Dietro la propaganda
Putin, "lacrime e fuggi fuggi": cos'è successo allo stadio
Dietro la propaganda in mondovisione di Vladimir Putin, i primi segni di cedimento del popolo russo dopo un anno di guerra in Ucraina. Il dubbio lo instilla Rosalba Castelletti, inviata di Repubblica allo stadio Luzhniki di Mosca. Mercoledì va in scena il grande concerto patriottico per celebrare la Giornata dei Difensori della patria. Orgoglio nazionalista, fede cieca nel grande leader lo Zar, amore per i soldati al fronte mandati spesso al massacro, come carne da cannone.
La regia guidata dal Cremlino inquadra le scene di isteria collettiva, i sorrisi smaglianti, gli applausi a scena aperta come propaganda comanda. Poi però, scrive Repubblica, "le lacrime arrivano all’improvviso. Fino a un secondo prima era tutto un rilanciare gli slogan 'patria e unità', poi occhi lucidi e commozione". Qualcuno cede al taccuino dei giornalisti stranieri, nonostante la consegna del silenzio ricevuta dagli organizzatori. "Mi preoccupa che non sia ancora finita - spiega una dipendente municipale, la 41enne Natalia Ivanova -. Voglio solo la pace". Temi e toni banditi dal palco sui cui è salito anche Putin, per 5 minuti. I più invasati preferiscono svicolare alla domanda su quanto potrà durare questa guerra: "Finitela con questi discorsi". Reazione ovvia ma che tradisce una certa insofferenza anche nello zoccolo duro dei putiniani. Gli 80mila presenti al Luzhniki sono "insegnanti, studenti, impiegati pubblici e privati", tutti cooptati dal regime. "Alcuni sono arrivati dietro un compenso e la promessa di un pasto caldo ma hanno avuto istruzioni di non confermarlo ai media", spiegano Repubblica e Corriere della Sera.

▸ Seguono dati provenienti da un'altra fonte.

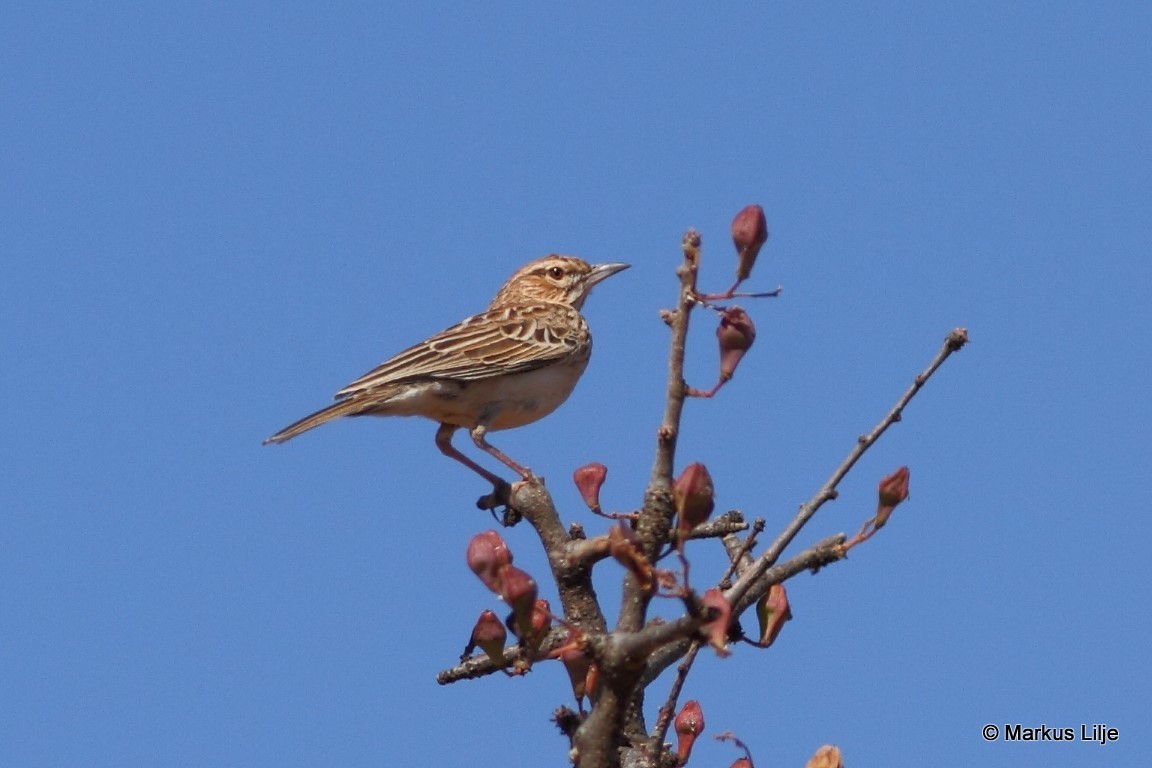Gillett's Lark illustration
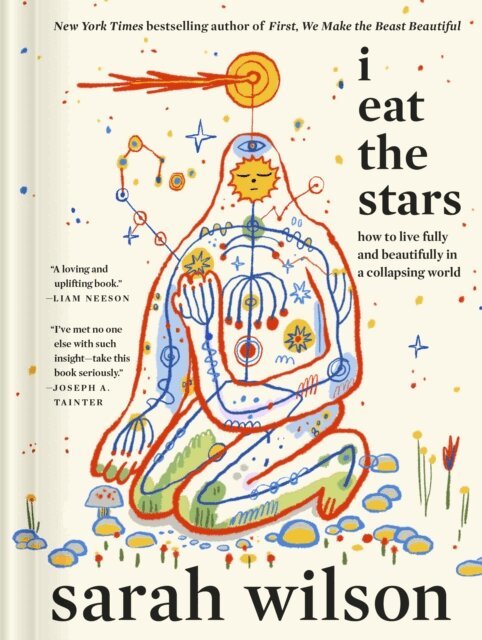 Sarah Wilson - I Eat the Stars, E-bok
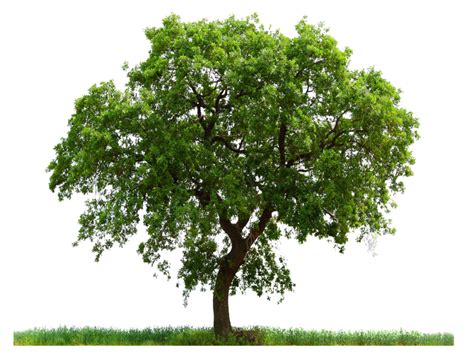 Tree Transparent Free Png Png All Png All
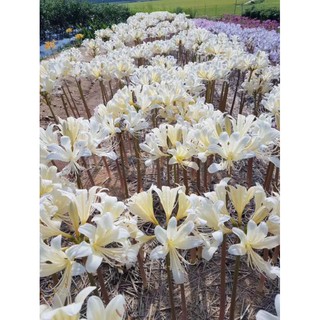 Combo 5 củ Bỉ Ngạn Lai Lycoris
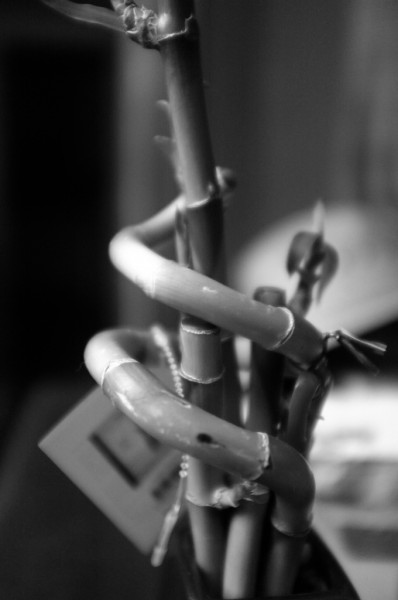 Day 152: Bamboo
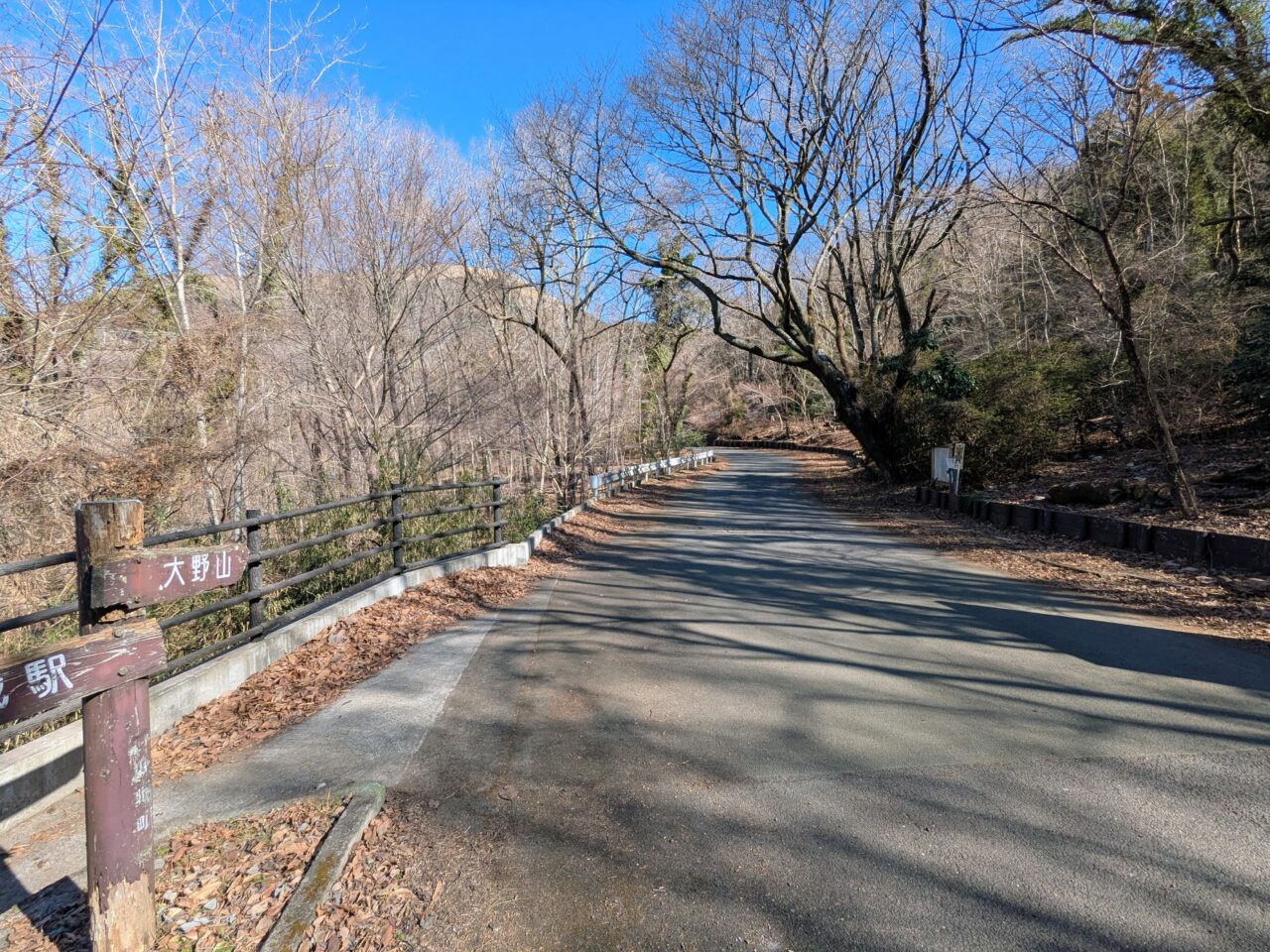 大野山（谷峨駅から大野山山頂）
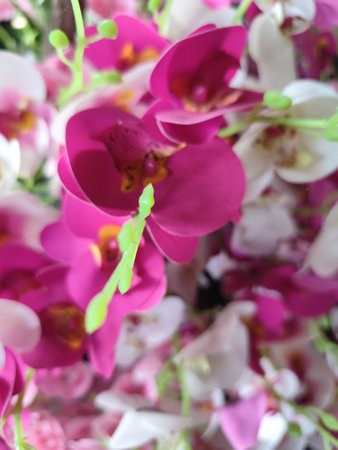 Beautiful orchid flowers background. Floral background. Close-up.の写真素材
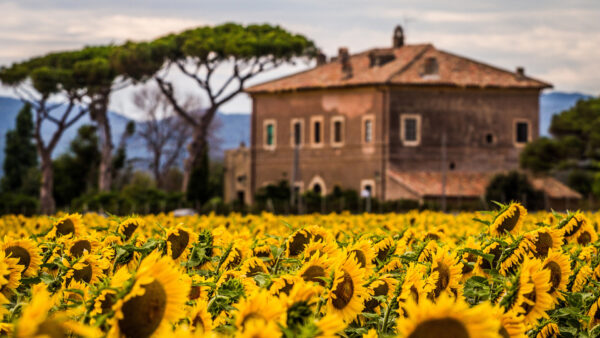 Wallpaper Mountain, Desktop, Background, House, And, Flowers, Sunflowers, Trees, Field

"L’atmosfera è ben diversa da quella di un anno fa", quando il 18 marzo si festeggiavano gli 8 anni di conquista della Crimea e lo slogan era "Per un
mondo senza nazismo", a pochi giorni dall'inizio dell'invasione ucraina. Mercoledì a Mosca si sono toccati i -15 gradi alle 2 di pomeriggio, e anche per questo molti spettatori che erano assiepati comunque fuori dallo stadio, senza il biglietto in mano, non hanno resistito nonostante berretti e coperte di lana e se ne sono andati in anticipo, ancora prima dell'intervento del presidente.